About this exercise: Please repeat each line below exactly, with no images in the copy.

Data below:
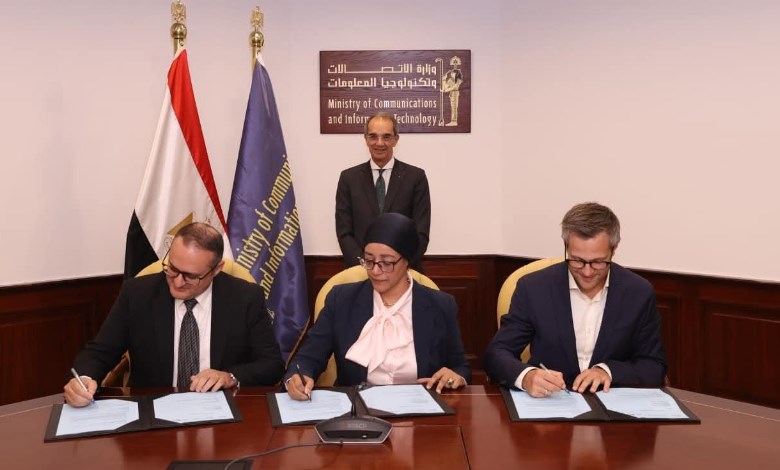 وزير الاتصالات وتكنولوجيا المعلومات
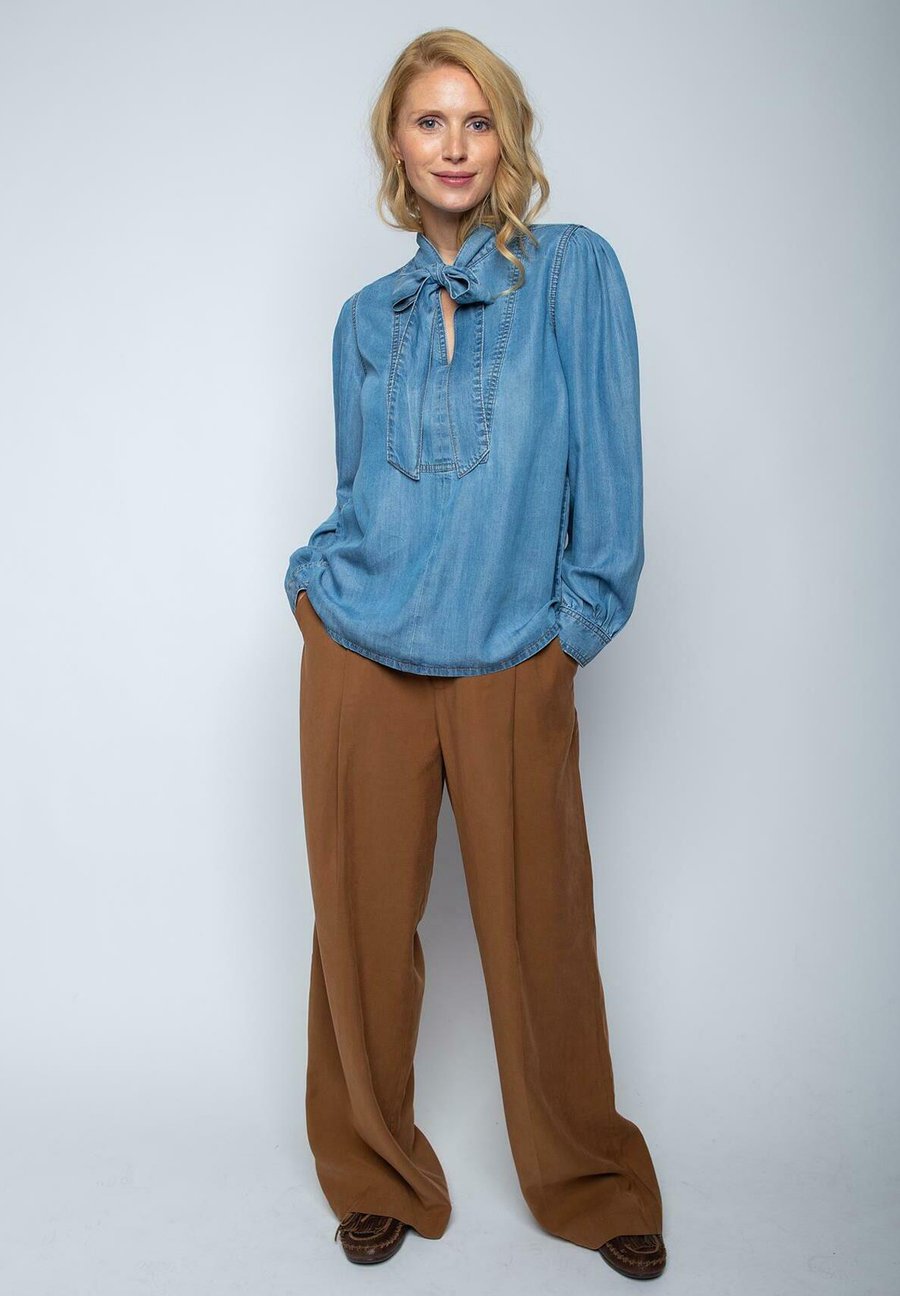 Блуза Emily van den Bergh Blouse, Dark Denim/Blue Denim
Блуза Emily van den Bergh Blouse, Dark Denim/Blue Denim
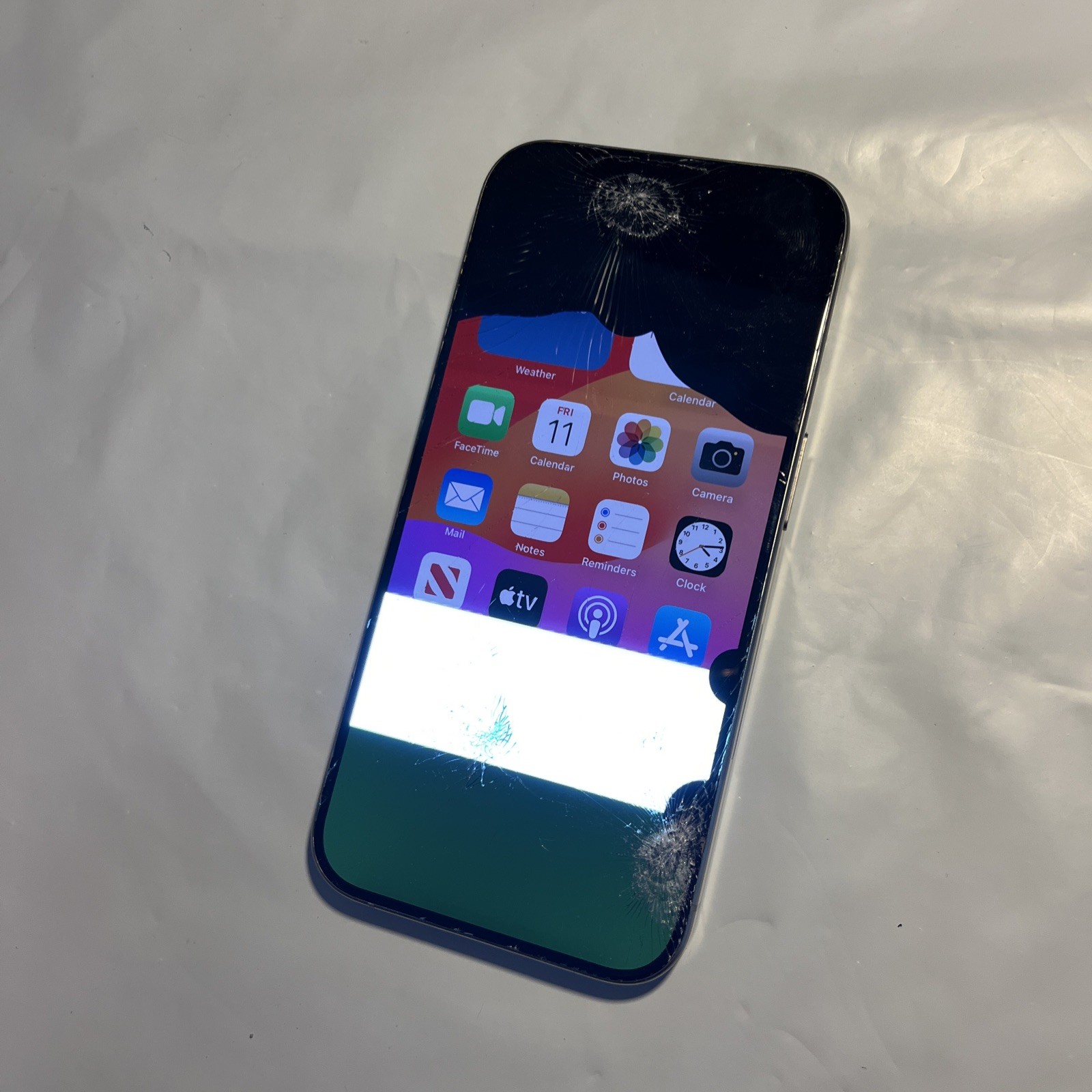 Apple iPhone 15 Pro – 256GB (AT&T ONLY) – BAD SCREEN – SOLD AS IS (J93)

Written solution:
 وزير الاتصالات وتكنولوجيا المعلومات
 Блуза Emily van den Bergh Blouse, Dark Denim/Blue Denim
Блуза Emily van den Bergh Blouse, Dark Denim/Blue Denim
 Apple iPhone 15 Pro – 256GB (AT&T ONLY) – BAD SCREEN – SOLD AS IS (J93)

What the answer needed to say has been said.